CRS5 by George Farmer, on Flickr

I have to confess to being quite ignorant about grading and the likes, so if anyone would like to share their knowledge, they're more than welcome...


----------



## Brian Murphy (28 Apr 2013)

Love it !


----------



## Ian Holdich (28 Apr 2013)

Quality pics, love your macro stuff George, always so sharp.


----------



## Ady34 (28 Apr 2013)

Lovely photos George.
I'm not hot on shrimp grading either, but they look pretty good to me, solid coloration and some nice colour in the legs too.....I'm sure that counts for something 
Shame about the algae issues, it clearly hasn't effected the shrimp though like you say. What sort of photoperiod were you running?
Usually takes around 4weeks from becoming berried to hatching.
Cheerio,
Ady


----------



## George Farmer (28 Apr 2013)

Thanks guys. 

Ady - apparently these shrimp are offspring from really high grade shrimp so their babies should be good.
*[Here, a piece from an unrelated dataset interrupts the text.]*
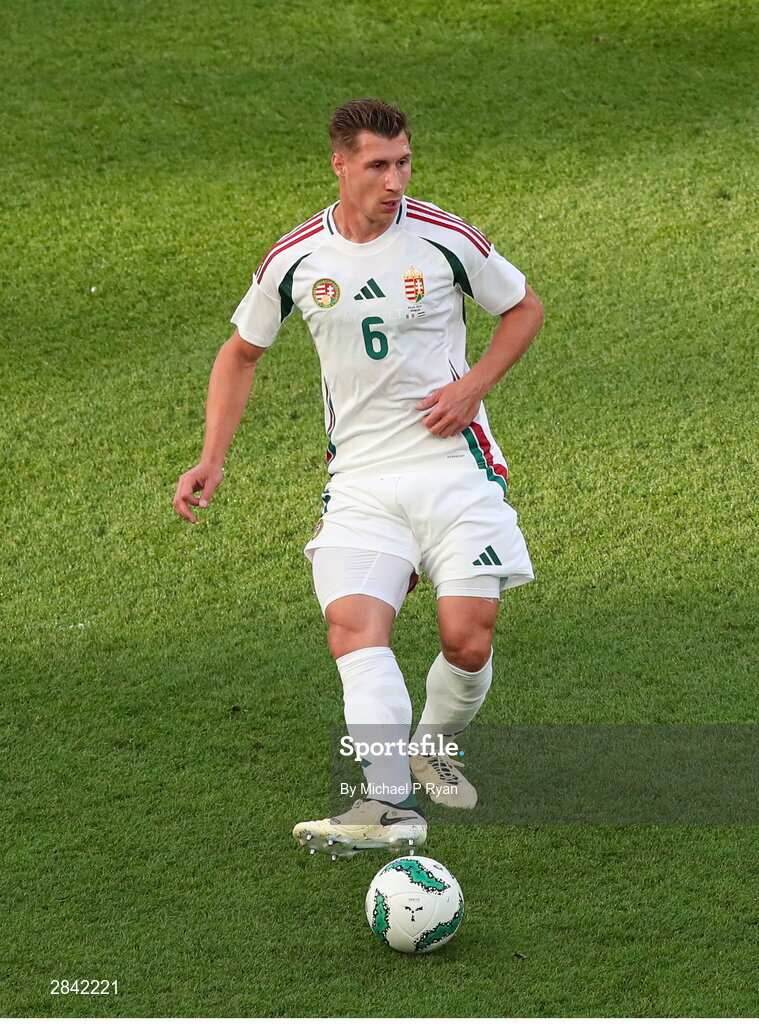 4 June 2024; Willi Orbán of Hungary during the international friendly match between Republic of Ireland and Hungary at Aviva Stadium in Dublin. Photo by Michael P Ryan/Sportsfile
I really need to do some reading up on such matters. 4 weeks sounds about right from what I've heard. The photoperiod was 7hrs. I'm quite happy with just ambient light. I dare say the shrimp prefer it to high light too.


----------



## sa80mark (28 Apr 2013)

Looks fantastic George your shrimp do look to be quite good nice solid white and good division from red to white, heres a link that will give you a good idea of what you have 

Mark

Crystal Red Shrimp Grading Guide .:. Information to successfully grade the Crystal Red Shrimp


----------



## Shrimpy (30 Apr 2013)

When i read this thread on the mobile version only some of the comments show up, any idea why?


----------



## LondonDragon (30 Apr 2013)

Shrimpy said:


> When i read this thread on the mobile version only some of the comments show up, any idea why?


Just tried it, no issues seen.


----------



## Wallace (24 Aug 2013)

Is this still running George?


----------



## George Farmer (27 Aug 2013)

Wallace said:


> Is this still running George?


It sure is. 

I reckon there's over 100 shrimp in there now.  I'll probably take some to my LFS in exchange for some Amano shrimp for my home tank.

Here's a few recent pics.  You should be able to make out the intense surface agitation I have from the G6 filter. This is to help improve oxygen levels, especially during this lovely weather. Tank temp. averages around 25C, but the shrimp seem happy and very active.  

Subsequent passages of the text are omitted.